The Wrath (Revelation 15, 16)

There are a few traditional ways of reading Revelation. Some see it as merely a coded look at the events of John’s day and the fall of Jerusalem. Some see it as a key to the entire history of the church age from John’s day up to today (and perhaps beyond.) Others see it nothing more than a symbolic parable of life. Finally, most see it as a revelation of what will happen at the end of time. I’ve already talked about my frustration with limiting this book to the end times, but you can’t see it as just a spiritual metaphor. The book claims to be a revelation about the end times, so it is.

Where we miss out on all the book has to offer us is when we think that it is just there to speak to the end times. Even worse, when we engage in the tempting game of trying to decode the prophecy rather than see how it applies to us in whatever place we find ourselves in church history.

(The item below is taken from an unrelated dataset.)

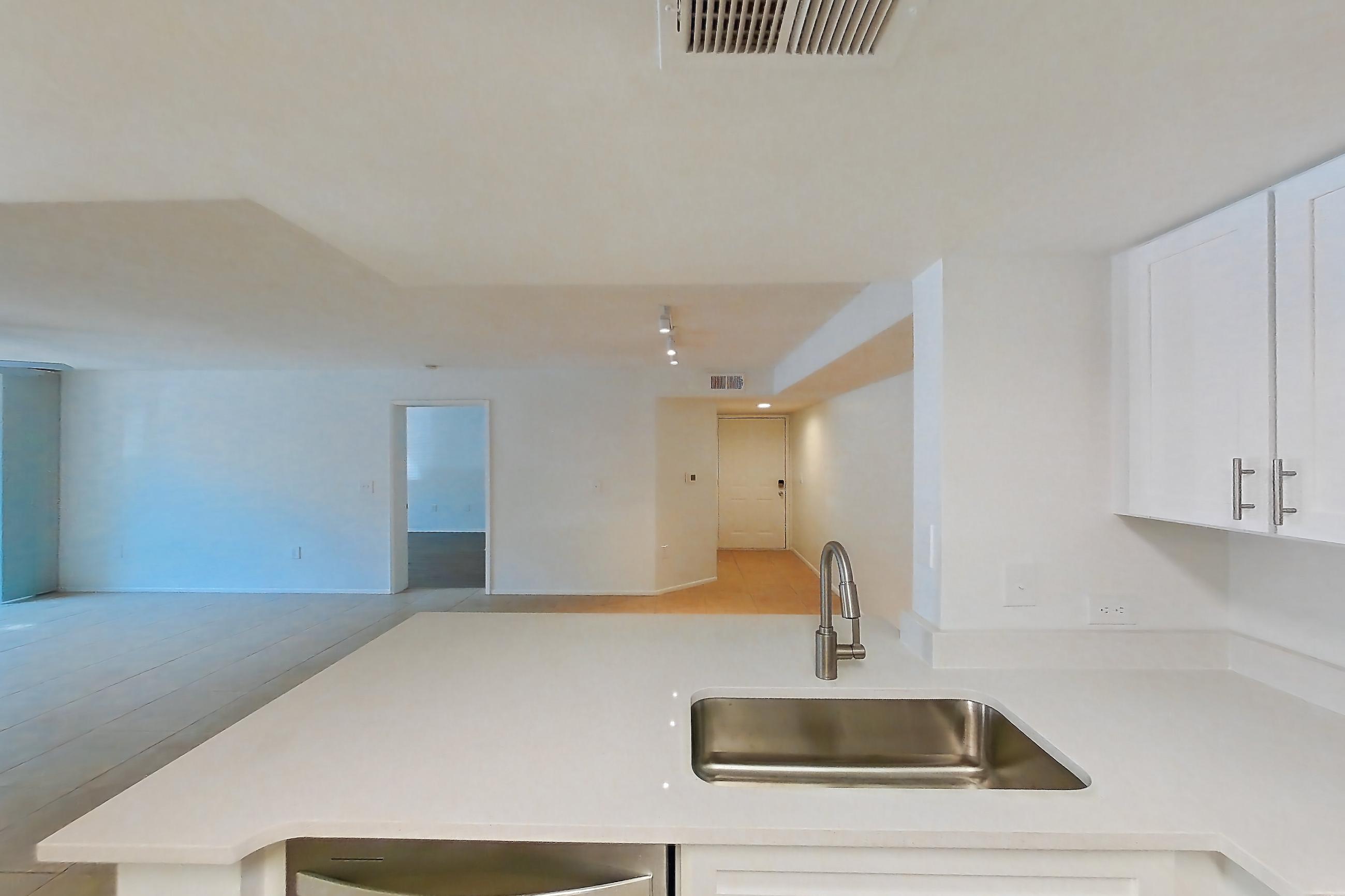 Kitchen with dishwasher, electric range, light countertops, light stone countertops, light tile flooring, microwave, oven/range, refrigerator, and stainless steel appliances, Apartment 06-12074 at Sabal Pointe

One futurist kept this in mind when he got to this point of the book:

“How little we can say of all these awful scenes of wrath coming upon the earth. It is far better to acknowledge our ignorance in some of these matters than to indulge in fanciful speculations.” -Arno C. Gaebelein

In chapters 15 and 16, we reach the end. Not of time, or of the Revelation, but the end of God’s patience. This is the third cycle of “signs” following the opening of the seals and the warning blasts of the trumpets. Now we see the actual wrath of God against a rebellious and unrepentant creation. It is pointless to try to figure out what that will look like when it comes. Suffice it to say, you hope you never find out!